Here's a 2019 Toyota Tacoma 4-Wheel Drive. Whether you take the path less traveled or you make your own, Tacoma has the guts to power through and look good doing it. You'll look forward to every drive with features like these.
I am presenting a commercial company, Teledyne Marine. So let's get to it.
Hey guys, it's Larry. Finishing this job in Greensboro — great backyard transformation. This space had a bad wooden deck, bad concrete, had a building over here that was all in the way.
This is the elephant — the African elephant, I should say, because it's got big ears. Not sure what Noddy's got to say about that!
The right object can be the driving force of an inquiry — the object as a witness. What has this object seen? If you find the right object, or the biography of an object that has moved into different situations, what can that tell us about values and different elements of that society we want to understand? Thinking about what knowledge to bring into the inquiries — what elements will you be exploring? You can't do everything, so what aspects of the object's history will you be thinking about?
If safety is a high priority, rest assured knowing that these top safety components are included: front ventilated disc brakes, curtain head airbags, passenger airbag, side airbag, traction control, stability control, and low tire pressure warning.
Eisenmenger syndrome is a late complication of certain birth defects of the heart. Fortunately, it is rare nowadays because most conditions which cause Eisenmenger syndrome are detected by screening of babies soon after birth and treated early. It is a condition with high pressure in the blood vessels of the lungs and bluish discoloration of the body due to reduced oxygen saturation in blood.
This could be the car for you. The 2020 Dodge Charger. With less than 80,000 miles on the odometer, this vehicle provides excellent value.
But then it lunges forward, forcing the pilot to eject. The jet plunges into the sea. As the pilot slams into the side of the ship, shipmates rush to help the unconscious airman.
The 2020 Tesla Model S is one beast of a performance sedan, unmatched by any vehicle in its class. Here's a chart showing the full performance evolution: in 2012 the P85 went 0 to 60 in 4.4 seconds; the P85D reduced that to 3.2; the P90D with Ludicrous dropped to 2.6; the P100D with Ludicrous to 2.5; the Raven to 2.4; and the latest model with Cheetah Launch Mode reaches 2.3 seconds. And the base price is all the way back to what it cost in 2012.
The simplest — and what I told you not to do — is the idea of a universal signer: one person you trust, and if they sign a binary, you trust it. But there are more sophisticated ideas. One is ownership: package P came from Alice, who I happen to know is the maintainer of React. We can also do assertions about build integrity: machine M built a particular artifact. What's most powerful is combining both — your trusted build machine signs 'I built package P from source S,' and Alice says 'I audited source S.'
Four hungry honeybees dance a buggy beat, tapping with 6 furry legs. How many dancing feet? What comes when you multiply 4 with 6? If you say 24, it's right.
+ + + + +
— TASK INSTRUCTIONS —
Every line in the data above has to be retyped exactly.

— ANSWER TO THIS TASK —
Here's a 2019 Toyota Tacoma 4-Wheel Drive. Whether you take the path less traveled or you make your own, Tacoma has the guts to power through and look good doing it. You'll look forward to every drive with features like these.
I am presenting a commercial company, Teledyne Marine. So let's get to it.
Hey guys, it's Larry. Finishing this job in Greensboro — great backyard transformation. This space had a bad wooden deck, bad concrete, had a building over here that was all in the way.
This is the elephant — the African elephant, I should say, because it's got big ears. Not sure what Noddy's got to say about that!
The right object can be the driving force of an inquiry — the object as a witness. What has this object seen? If you find the right object, or the biography of an object that has moved into different situations, what can that tell us about values and different elements of that society we want to understand? Thinking about what knowledge to bring into the inquiries — what elements will you be exploring? You can't do everything, so what aspects of the object's history will you be thinking about?
If safety is a high priority, rest assured knowing that these top safety components are included: front ventilated disc brakes, curtain head airbags, passenger airbag, side airbag, traction control, stability control, and low tire pressure warning.
Eisenmenger syndrome is a late complication of certain birth defects of the heart. Fortunately, it is rare nowadays because most conditions which cause Eisenmenger syndrome are detected by screening of babies soon after birth and treated early. It is a condition with high pressure in the blood vessels of the lungs and bluish discoloration of the body due to reduced oxygen saturation in blood.
This could be the car for you. The 2020 Dodge Charger. With less than 80,000 miles on the odometer, this vehicle provides excellent value.
But then it lunges forward, forcing the pilot to eject. The jet plunges into the sea. As the pilot slams into the side of the ship, shipmates rush to help the unconscious airman.
The 2020 Tesla Model S is one beast of a performance sedan, unmatched by any vehicle in its class. Here's a chart showing the full performance evolution: in 2012 the P85 went 0 to 60 in 4.4 seconds; the P85D reduced that to 3.2; the P90D with Ludicrous dropped to 2.6; the P100D with Ludicrous to 2.5; the Raven to 2.4; and the latest model with Cheetah Launch Mode reaches 2.3 seconds. And the base price is all the way back to what it cost in 2012.
The simplest — and what I told you not to do — is the idea of a universal signer: one person you trust, and if they sign a binary, you trust it. But there are more sophisticated ideas. One is ownership: package P came from Alice, who I happen to know is the maintainer of React. We can also do assertions about build integrity: machine M built a particular artifact. What's most powerful is combining both — your trusted build machine signs 'I built package P from source S,' and Alice says 'I audited source S.'
Four hungry honeybees dance a buggy beat, tapping with 6 furry legs. How many dancing feet? What comes when you multiply 4 with 6? If you say 24, it's right.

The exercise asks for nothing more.